基金This work was supported in part by the National Basic Research 973 Program of China under Grant No. 2015CB352502, the National Natural Science Foundation of China under Grant Nos. 61522208, 61379033, and 61472348, and the Fundamental Research Funds for the Central Universities of China under Grant Nos. 2015XZZX004-18 and 2015XZZX005-07.
文摘An all-k-nearest-neighbor (AkNN) query finds k nearest neighbors for each query object. This problem arises naturally in many areas, such as GIS (geographic information system), multimedia retrieval, and recommender systems. To support various data types and flexible distance metrics involved in real applications, we study AkNN retrieval in metric spaces, namely, metric AkNN (MAkNN) search.
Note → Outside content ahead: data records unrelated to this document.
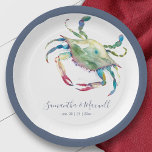 Watercolor Blue Crab Beach Wedding  Paper Plate<br><div class="desc">These nautical paper plates feature a stunning sand crab sea life watercolor design, inspired by the beauty of the ocean. A blue crab illustration adds a romantic seafood beach touch, perfect for a seaside rustic beach wedding or a Charleston casual aquarium celebration. Personalize with your names and wedding date for...</div>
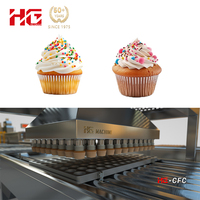 Ligne de production entièrement automatique de cupcakes fourrés à la crème pâtissière HG, machine de dépose de crème pâtissière pour cupcakes, 100-1000 kg/h, contrôle PLC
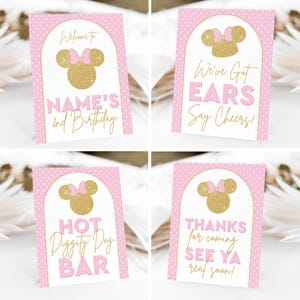 Editable Minnie Party Signs in Pink Gold Minnie Mouse Party Signs Printable Set of Modern Minnie Mouse Signs Minnie Party Signs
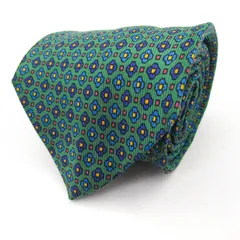 ヴァレンチノ ブランド ネクタイ 花柄 ドット 小紋柄 シルク イタリア製 PO  メンズ グリーン Valentino 【中古】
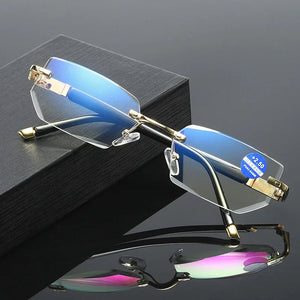 Original Diamond Cut Rimless Anti Blue Light Presbyopic Prescription Glasses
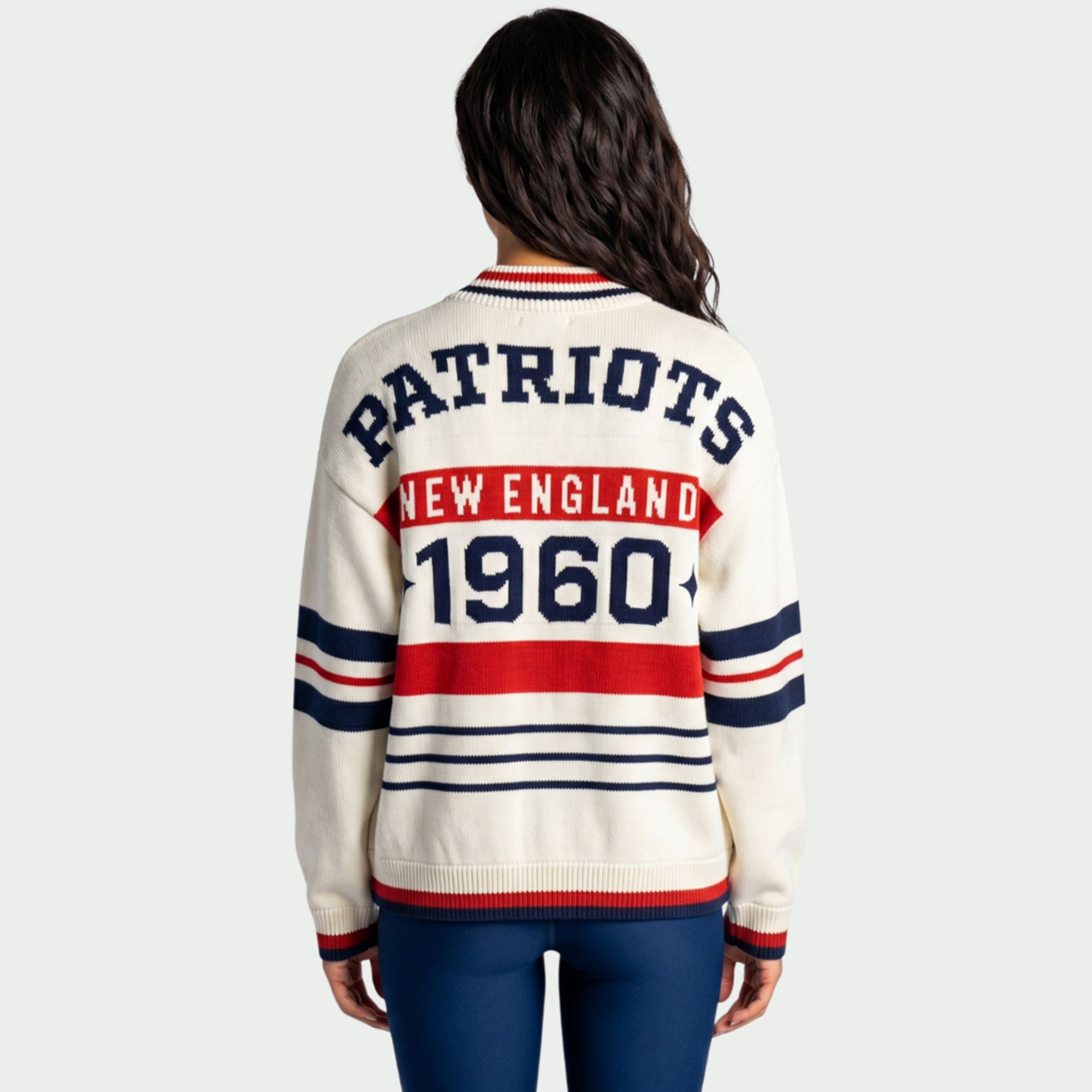The Wild Collective Women's New England Patriots Boxy Full-Zip Sweater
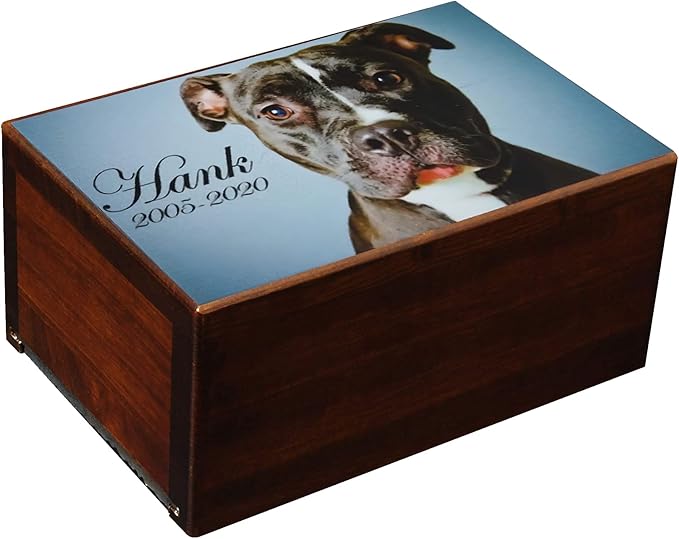 Custom Pet Keepsake Urns for Dogs, Wooden Box for Pet Ashes with Photo for Your Beloved Pets, Pet Cremation Urns as Sympathy Gifts for Pet Lovers - Small, 6" x 4" x 2.75" Pet Urns (Design 2)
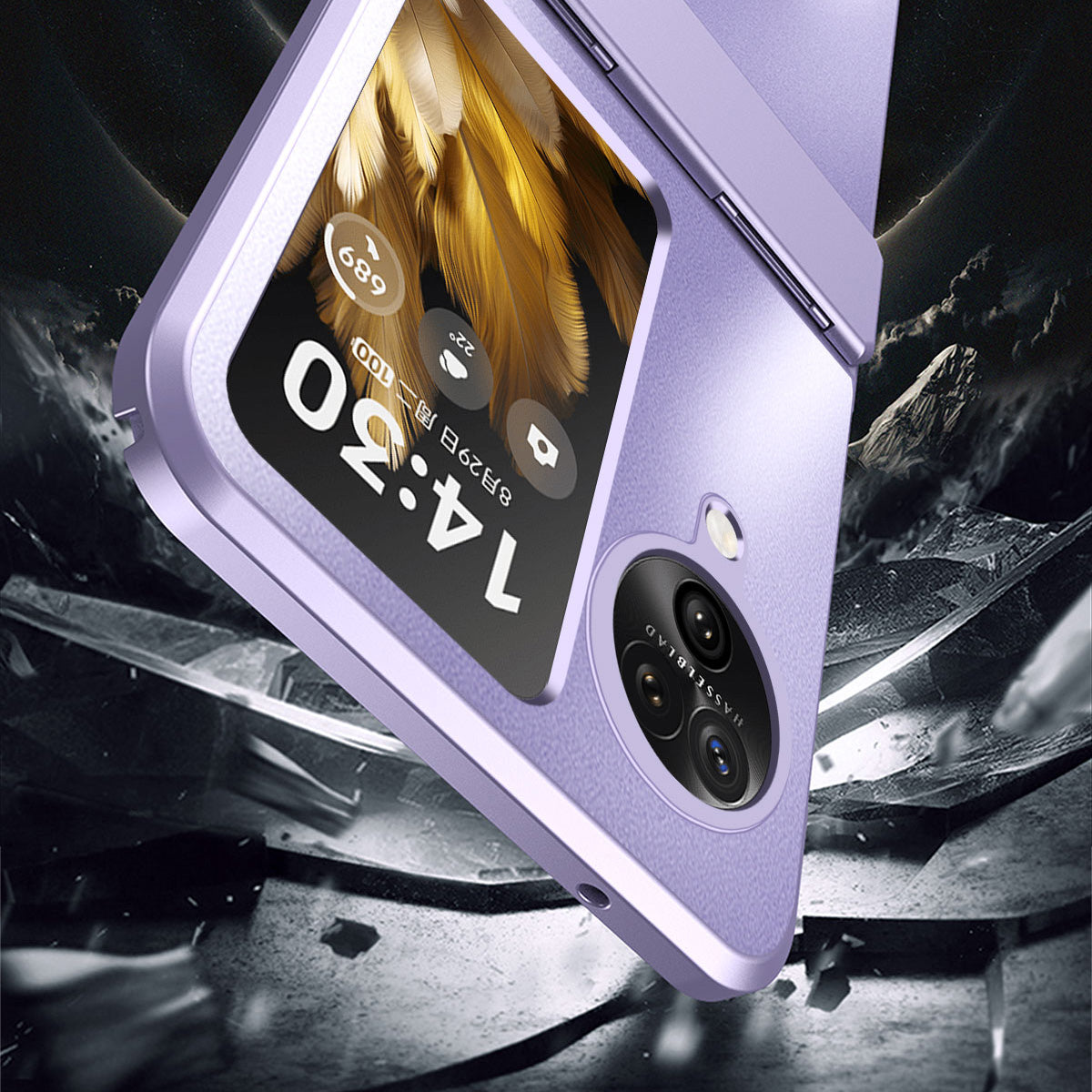 For Oppo Find N3 Flip 5G Hard PC Phone Case Hinge Design Frost Plating Cover Protector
Consider that the underlying indexes on the query set and the object set may not exist, which is natural in many scenarios. For example, the query set and the object set could be the results of other queries, and thus, the underlying indexes cannot be built in advance. To support MAkNN search on datasets without any underlying index, we propose an efficient disk-based algorithm, termed as Partition-Based MAkNN Algorithm (PMA), which follows a partition-search framework and employs a series of pruning rules for accelerating the search. In addition, we extend our techniques to tackle an interesting variant of MAkNN queries, i.e., metric self-AkNN (MSAkNN) search, where the query set is identical to the object set. Extensive experiments using both real and synthetic datasets demonstrate the effectiveness of our pruning rules and the efficiency of the proposed algorithms, compared with state-of-the-art MAkNN and MSAkNN algorithms.